Aga Djan glimlachte, hij begreep wat de imam bedoelde, maar zag het eerlijk gezegd niet in hem. Hij had niet de juiste houding, geen soepele zinswendingen en beschikte niet over het nodige charisma. Hij was een dorpsimam en had grote handen en een lang voorhoofd. Je moest Galgal heten om zowel de oude mannen als de jonge vrouwen achter je te krijgen.
“Dat komt nog wel,” zei Aga Djan, “maar ik vind het ook niet erg om in deze verwarrende tijd, na de dood van Alsaberi en de vlucht van Galgal, de rust in de moskee te laten wederkeren. U kunt het in de stad gerust over de bomen hebben, over de planten en over uw ervaringen op het platteland, zulke dingen spreken de stedelingen erg aan. Wees uzelf en dan zal het vanzelf goed gaan.”
De imam glimlachte en liet zijn hoofd op zijn borst zakken.
“Ik meen het,” zei Aga Djan, “ik ben benieuwd naar wat u ons donderdagavond zal vertellen. Vertel bijvoorbeeld over Djirja, over de bergen, de amandelbomen, de zeldzame bergbokken en over de saffraan. Als u vragen hebt, kunt u me altijd via de conciërge vinden. Trouwens, ik heb hem gevraagd om de nodige voorzieningen voor uw verblijf te regelen. Is er verder nog iets wat u wilt weten?”
“Nee, eigenlijk niet.”
De knecht kwam en begeleidde de imam naar buiten.
∗
‘s-Avonds, toen Aga Djan naast Fagri Sadat in bed lag, begon hij onverwachts hardop te lachen.
“Wat is er?” vroeg Fagri Sadat.
“Nee, niets. Ik dacht aan de invalimam. Hij is simpel, maar ambitieus, hij weet alleen niet hoe hij zijn dromen moet bereiken.”
“Enjij lacht hem daarom uit?”
“Nee, absoluut niet, ik waardeer het dat hij meer wil. Zijn handen en spieren zijn alleen te grof gebouwd.”
“Dat mag je niet zo zeggen!” zei Fagri Sadat glimlachend.
“Je hebt gelijk, maar ik spreek uit ervaring, je moet iets hebben, alleen een fles is niet voldoende, er moet ook een geest in de fles zitten.

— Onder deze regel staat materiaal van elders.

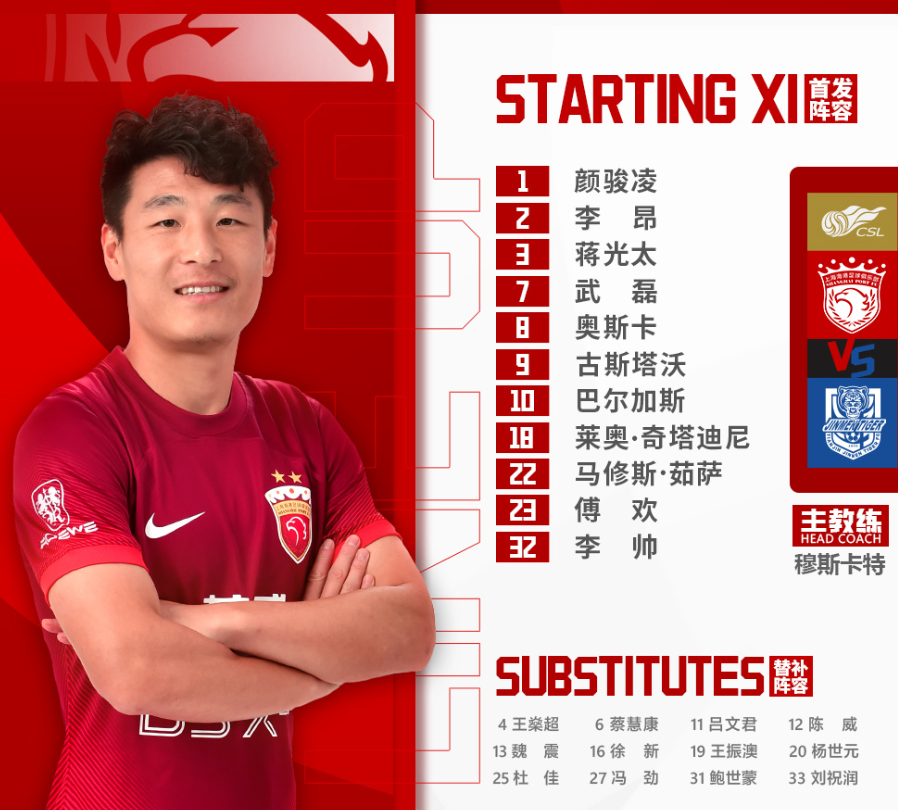 1xBit体育娱乐-上海上港力克对手，追赶领头羊的步伐的简单介绍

Ik zeg verder niets, maar weet je, hij zette zijn tulband een beetje scheef en zei: ‘Ik wil graag een toontje hoger spreken’,” zei Aga Djan en hij lachte hard.

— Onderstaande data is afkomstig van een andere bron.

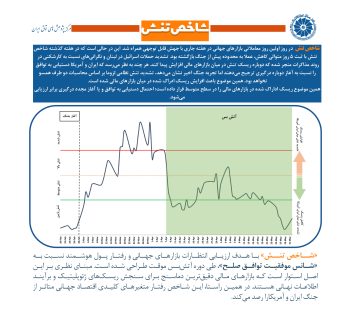 11 خرداد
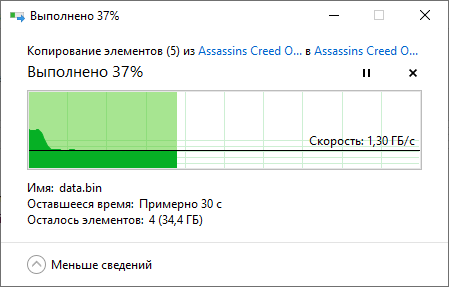Скорость копирования.png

“Je lacht hem uit,” zei Fagri Sadat.
“Nee, ik lach hem niet uit, ik voel me een beetje gelukkig, alles loopt naar wens. Met de moskee gaat het goed, de imam is geschikt, met het pand gaat het goed en het nieuwe ontwerp is af, het is prachtig geworden. Ik heb een stapel nieuwe contracten binnen gekregen en de markt wacht met spanning op onze nieuwe tapijten. Iedereen wil ze hebben, het wordt een mooi jaar. En daar komt nog bij dat iedereen gezond is, wat wil je nog meer?”
Hij draaide zich om en legde zijn hand op de borsten van Fagri Sadat en zei: “En ik heb jou en ik heb nu zin in je, wat wil ik meer als man?”

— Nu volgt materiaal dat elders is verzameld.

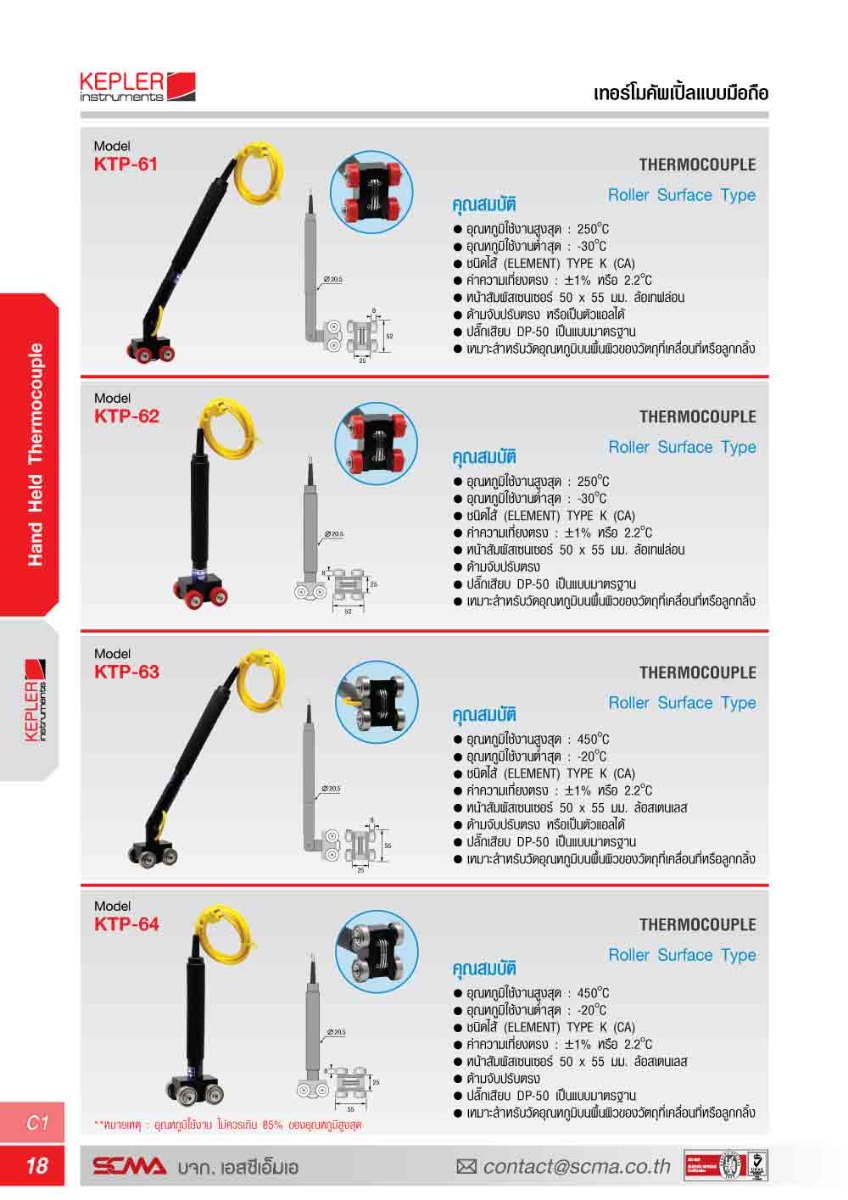 KTP-64 KEPLER เทอร์โมคัพเปิ้ล (Thermocouple)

Fagri Sadat duwde zachtjes zijn hand weg, draaide zich een halve slag om en ging met haar rug naar hem toe liggen. Hij deed zijn hand onder haar nachtjapon en streelde haar billen en zei zachtjes: “Doe alles uit. Ik wil je naakt.”
Fagri Sadat trok de dekens over haar hoofd en zei: “Benje gek geworden, wat heeft de heer gegeten dat hij mij bloot wil hebben?”
Hij drukte zijn hand tussen haar warme dijen en fluisterde:
“Mijn dorstige lippen
Zoeken jou
Trek mijn kleren uit
Omarm me
Hier mijn lippen
Hier mijn hals en brandende borsten
Hier mijn zachte lichaam.”
“Wat zeg je allemaal?” zei Fagri Sadat verbaasd en ze duwde de dekens van zich af en ging rechtop zitten.
“Het is een modern gedicht,” zei hij en hij kuste haar in haar hals en deed voorzichtig haar kleren uit en hielp haar op haar rug en fluisterde: “Ik zeg het gedicht op, herhaalje het voor me?”
“Ik doe het niet, je maakt me bang, wat wil je?”
“Ik wil jou.”
Fagri Sadat sloot haar ogen.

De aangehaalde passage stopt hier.